Copy, pictures aside: the lines below from the one that holds "چرا تشخیص آندومتریوز طول می_کشد؟" through the final line of the listing, both ends included, exactly as they are and nothing else.

START Source material

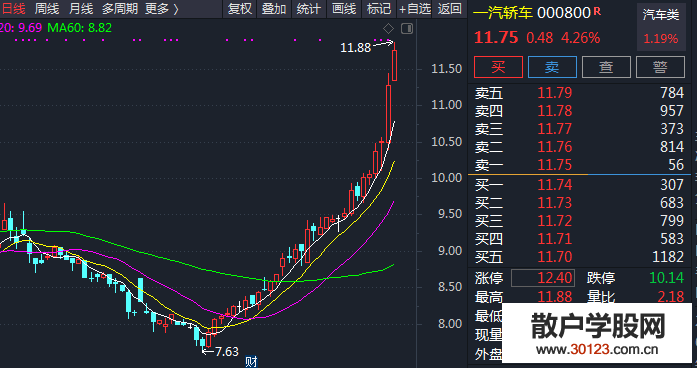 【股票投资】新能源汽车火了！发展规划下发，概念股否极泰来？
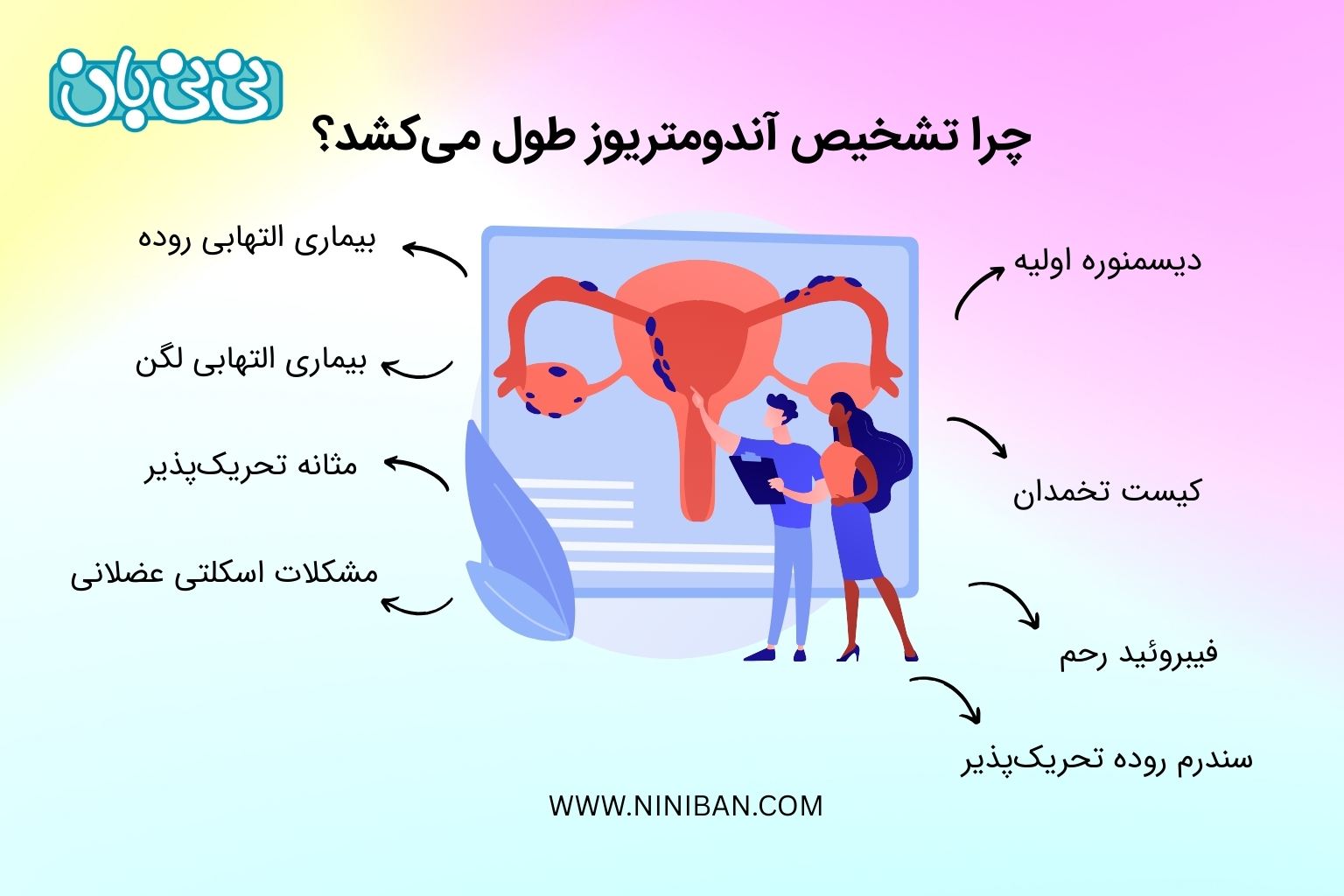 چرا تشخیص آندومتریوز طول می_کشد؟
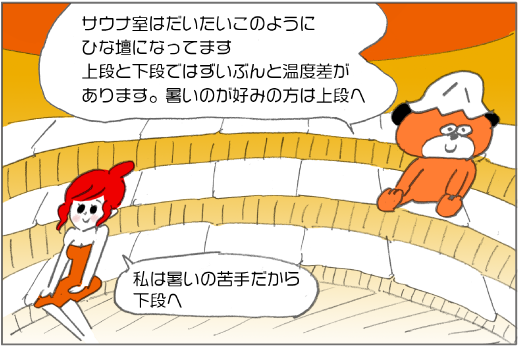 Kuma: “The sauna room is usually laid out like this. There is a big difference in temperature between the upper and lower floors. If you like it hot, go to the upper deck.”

END Source material

◆ Answer space:
 چرا تشخیص آندومتریوز طول می_کشد؟
 Kuma: “The sauna room is usually laid out like this. There is a big difference in temperature between the upper and lower floors. If you like it hot, go to the upper deck.”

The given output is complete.